Empathy allows you to figure out how to respond to different employees and meet their different needs at different times.
Empathy helps business leaders to have the courage to leave a proven strategy and move in a more effective direction when they realize the old approach is no longer in tune with what people are feeling and thinking.
By standing in tune with what customers are thinking and feeling, you can continue to strengthen your brand.
In his book, Humans Are Underrated, Geoff Colvin worked to identify what humans can do better than computers. The list was surprisingly short. He landed primarily on empathy and collaboration. Then he highlighted why these attributes are so critically important. He explained that the key to being successful in the 21st Century is to embrace our primary human attributes and use them even more often. We no longer have to do what computers can do so much faster than we can do. What we need to do more of is to work to understand what other people are thinking and feeling, and then respond in effective ways that help them to achieve what they want to achieve.
Empathy is Not Sympathy
Sympathy primarily means feeling another person’s sorrow or sadness and responding with compassion. That’s not what empathy means. Empathy is understanding another person’s thoughts and feelings and responding in an effective way. You might respond with compassion, you might respond by asking a question or offering a suggestion, and you might respond by making a stern statement. When a person tells you he’s been wronged by another person and explains the situation, you might say, “It sounds like you got your ego entangled in the other person’s decision. Is that possible?” Or you might say, “I think you’re feeling anger, and that anger appears to be justified. Now I encourage you to forgive the person, let go of the anger, and move on with your life.” Effective responses come in many different forms. The key is to help the person move toward achieving what he or she wants.

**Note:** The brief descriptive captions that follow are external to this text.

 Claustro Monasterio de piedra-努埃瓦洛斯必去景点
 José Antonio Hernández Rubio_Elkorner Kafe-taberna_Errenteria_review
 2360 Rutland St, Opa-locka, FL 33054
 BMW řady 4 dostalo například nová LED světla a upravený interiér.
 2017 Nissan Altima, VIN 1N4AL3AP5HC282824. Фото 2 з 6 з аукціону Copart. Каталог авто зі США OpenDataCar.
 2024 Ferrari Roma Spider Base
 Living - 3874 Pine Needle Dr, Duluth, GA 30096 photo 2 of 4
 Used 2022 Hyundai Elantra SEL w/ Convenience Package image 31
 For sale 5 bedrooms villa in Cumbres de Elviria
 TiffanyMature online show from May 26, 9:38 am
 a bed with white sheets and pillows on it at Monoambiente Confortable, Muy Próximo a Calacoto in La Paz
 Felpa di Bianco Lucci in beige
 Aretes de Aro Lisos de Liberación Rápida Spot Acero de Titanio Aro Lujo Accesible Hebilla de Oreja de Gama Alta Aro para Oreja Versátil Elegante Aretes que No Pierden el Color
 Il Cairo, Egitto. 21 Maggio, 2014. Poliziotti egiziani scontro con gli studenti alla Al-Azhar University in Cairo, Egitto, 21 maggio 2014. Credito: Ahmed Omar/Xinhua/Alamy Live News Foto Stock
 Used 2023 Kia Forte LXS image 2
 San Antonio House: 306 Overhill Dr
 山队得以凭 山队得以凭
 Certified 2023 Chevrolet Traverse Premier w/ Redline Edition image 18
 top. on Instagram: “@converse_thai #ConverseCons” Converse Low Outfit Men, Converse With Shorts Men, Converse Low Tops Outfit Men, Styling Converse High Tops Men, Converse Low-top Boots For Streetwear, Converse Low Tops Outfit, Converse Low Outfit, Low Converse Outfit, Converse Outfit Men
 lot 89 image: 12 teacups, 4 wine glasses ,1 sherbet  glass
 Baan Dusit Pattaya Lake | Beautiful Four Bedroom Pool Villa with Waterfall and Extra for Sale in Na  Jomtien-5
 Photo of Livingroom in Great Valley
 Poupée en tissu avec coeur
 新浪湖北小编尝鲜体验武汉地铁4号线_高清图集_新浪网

Empathy is the highest form of effective communication because it’s based on deep listening, reflection, discernment, and response.
Empathy Is Not About You, It’s About the Other Person
If someone shares news that is negatively going to affect him or her and your first thought is about your own well-being, then you’re not being empathetic. If a customer tells you that he is dealing with a crisis and has been downsized from his company and can no longer fulfill his commitment to you, true empathy is to work to understand what that person is thinking and feeling at that moment. If your first concern is your invoice not being fulfilled, you’re not being very empathetic. Think about the long-term well-being of the person, and you will greatly increase your chances of building a strong, long-term relationship with that person.
Practice Being Empathetic
Empathy is not a complicated thing to do. You sit. You listen. You consider what you heard and what you saw. You try to discern what the other person is thinking and feeling. You validate your interpretation by saying, “Here’s what I think you’re thinking and feeling right now: _____ . Do I have that right? If not, what are you thinking and feeling right now about this topic?”
If you do that on a regular basis, you will steadily sharpen your ability to be truly empathetic with other people. It’s a skill that you will be able to use in many facets of your personal and professional life.
Empathy Goes Both Ways
Johnny Carson was asked during the height of his fame what the key was for his success. He said, “The most important thing to me, I think, is the empathy that you have to have for the performer. I think empathy with the audience is the greatest thing that a performer can have if he’s going to be successful as an entertainer. They have to like him. And if they like the performer, then you’ve got 80% of it made.”
It took me a long time to understand this comment from Carson, but then I started thinking about The Tonight Show. Even when a joke bombed, the audience would hang in there with Carson as he would pause and tap on the microphone. Then they would laugh. They wanted him to succeed. On camera, he was remarkably likeable and people wanted to empathize with him. They wanted to understand what he was thinking and what he was feeling. I remember watching his non-verbal expressions and wondering what he was thinking and feeling as he interviewed different people or he was doing a skit.
If you’re genuine, people will want to understand you. And that’s a good thing when you want to build a relationship that can help both of you to become more effective. If you can get your audience to want to understand what you’re thinking and feeling, then they will respond to you in an effective way.
Republishing Articles
My newsletters, Thoughts on Excellence, have been republished in approximately 40 trade magazines, on-line publications, and internal publications for businesses, universities, and not-for-profit organizations over the past 20+ years. If you would like to republish all or part of my monthly articles, please send me an e-mail at dan@thecoughlincompany.com with the name of the article you want in the subject heading. I will send you the article in a word document.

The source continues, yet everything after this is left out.